As considerações anteriores exigem complemento, o esforço diplomático para deter a loucura planetária. É o que imagino fazer em textos próximos.

 


 

[1] Os dados, não totalmente precisos, podem ser aferidos em Marc Nouschi, Bilan de la Seconde Guerre Mondiale (Paris, ed. Seuil, 1996). Para outros dados, cf. John J. Mearsheimer, The tragedy of great power politics (NY, W.W. Norton & company, 2001), pp. 327-329.

[2] A história abjeta é mais triste e dramática, com os desdobramentos da tortura, exílios, censuras e terror implantados pela CIA, tendo como instrumento a polícia secreta do Xá. Remeto para o livro essencial de Stephen Kinzer, All the Shah´s Men (New Jersey, John Wiley & Sons, 2003).

[3] Robert Cribb (2004). "The Indonesian Genocide of 1965-1966" In Samuel Totten(ed). Teaching about Genocide: Approaches, and Resources. Information Age Publishing, pp. 133-143.

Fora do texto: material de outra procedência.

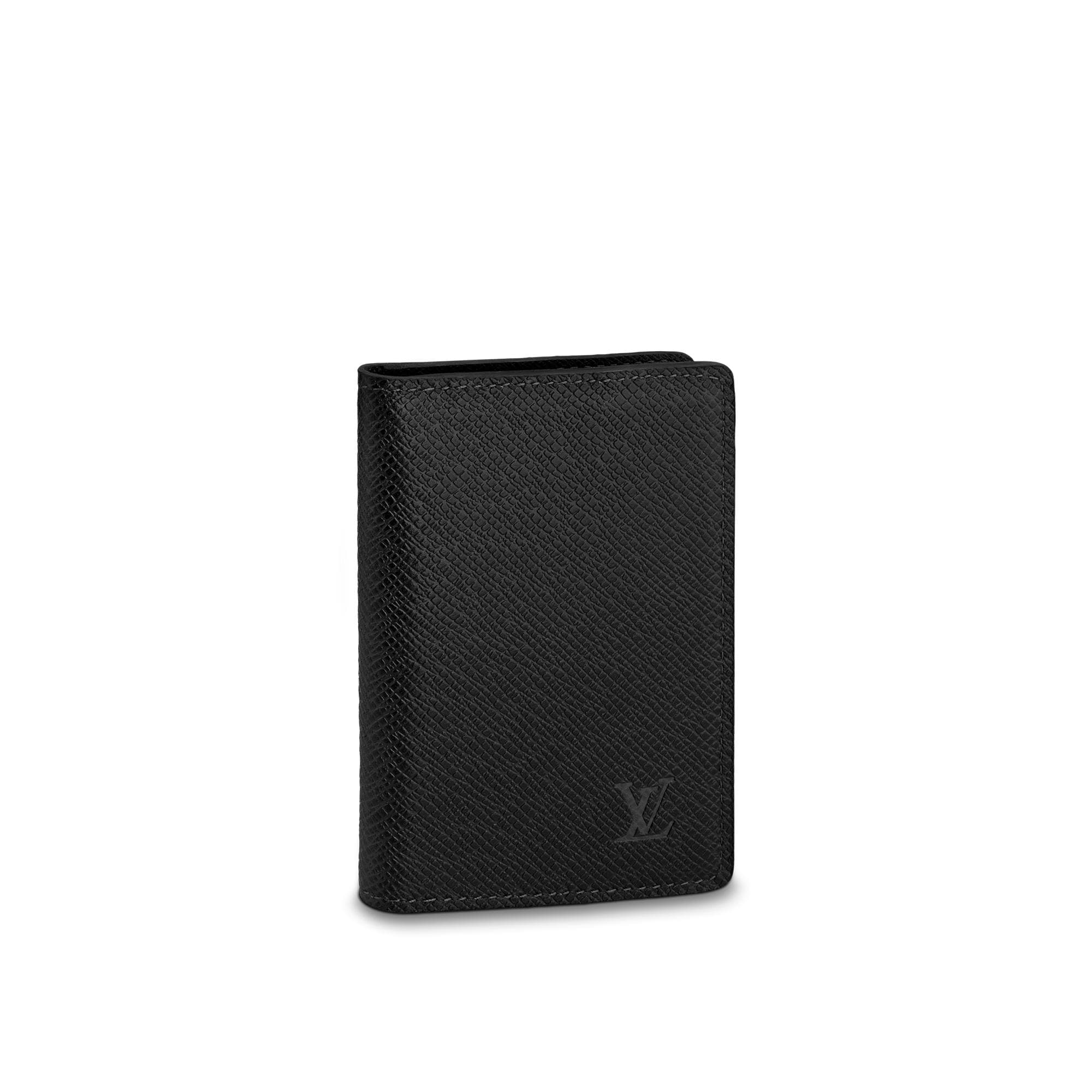Louis Vuitton Pocket Organizer Taiga Leather in Black – MEN – Small Leather Goods M30537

[4] Chang, j. e Hallyday, J. : Mao. L´histoire inconnue (NRF, Gallimard, 2005). Para toda a passagem, valho-me do trabalho publicado por Davi Cumin, “Retour sur la guerre de Corée”, In CAIRN. Info. No mesmo site, uma análise que leva  em conta o lado norte-coreano com dados da exploração japonesa da terra e da economia geral, análises sobre a política norte americana para o país, etc. Cf. Heo Man-Ho : “la guerre de Corée vue du côté coréen”.

[5] CF. John J. Mearsheimer: Why leaders Lie. The Truth about lying in international Politics (Oxford, University Press, 2011). Uma análise estupenda sobre a síntese da propaganda mentirosa na época de ouro da raison d´état, com base na atuação de Thomas Hobbes: Malcolm, Noel: Reason of State, Propaganda, and the Thirty Years War, an unknown translation by Thomas Hobbes (Oxford, Clarendon Press, 2007).

[6] Eric Voegelin tem páginas candentes sobre a colaboração geral do povo alemão na matança aplicadapelo regime hitlerista. Cf. Hitler e os Alemães (São paulo, É edit. 2008).

[7] Simpson, Christopher : Blowback, America´s Recruitment of Nazis and its effects on the Cold War (NY, Collier Books, 1989).

[8] Mearsheimer, John, J. : The tragedy....ed. cit. pp. 372-373.

[9] A expressão plástica de tamanha violência é figurada na filmografia de Stanley Kubrick. Do osso jogado para cima, após o assassinato primordial em 2001, uma Odisséia no Espaço, passando pelo terrível Dr. Fantástico e Nascido para Matar (não esquecendo os exércitos de seres mecanizados em Barry Lindon) temos uma fenomenologia tremenda do tema. Cf. Maria Sylvia Carvalho Franco e Roberto Romano: “ ´O Iluminado´ de Stanley Kubrick” , Revista Leituras, Ano 12, junho-1993, número 21, pp. 37 e ss.